孤独死は「ピンピンコロリ」のケースが多い
自宅で最期を迎える一つのパターンとして「孤独死」が上げられます。仮に私が一人暮らしをしていて、心筋梗塞で胸が苦しくなったときに、近くに電話や携帯電話があれば119番して救急車を呼ぶことは可能でしょう。しかし近くに電話がなければ、そのまま死んで「孤独死」としてカウントされます。

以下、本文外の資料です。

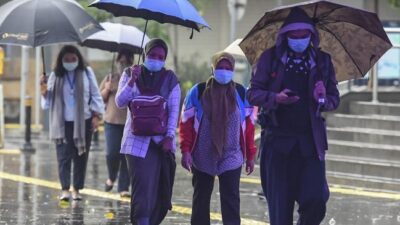 Virus Corona Disebut Bertahan 7 Hari pada Permukaan Masker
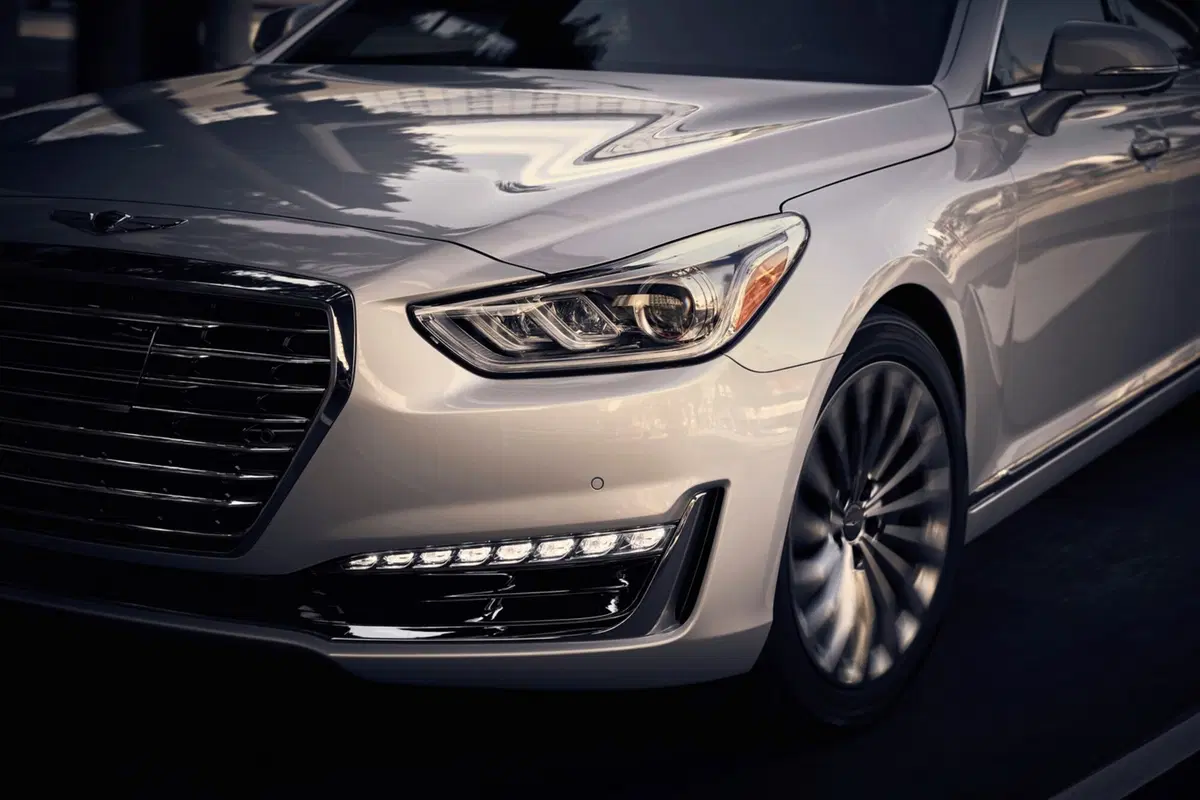 Genesis G90: l'ammiraglia della nuova era coreana (3)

孤独死は大きな社会問題として、ネガティブなイメージで報道されますが、孤独死の9割は直前まで元気だった人です。元気がなく介護が必要な方であれば、誰かが2~3日のうちに訪問して対処しているからです。
孤独死は、いわゆる皆さんが大好きな「ピンピンコロリ」の形で亡くなるケースが多く、しかも自宅で亡くなるので、ある意味、理想に近い最期とも言えるでしょう。私は一人でいるのが好きなので、孤独死にネガティブな印象はありません。直前まで元気で、突然死ぬわけですから、それほど悪い最期ではないと思います。
読者の皆さんは、「孤独」と「孤立」が違うことを知っておきましょう。孤独は「寂しい」というような主観的な感情のことで、精神的な問題です。一方、孤立は客観的に見て他者とのつながりが少なく、周囲に助けがいないことです。そのため、周りに誰もいないほうが気楽だという人は、寂しさなどを感じていないので、孤独ではありません。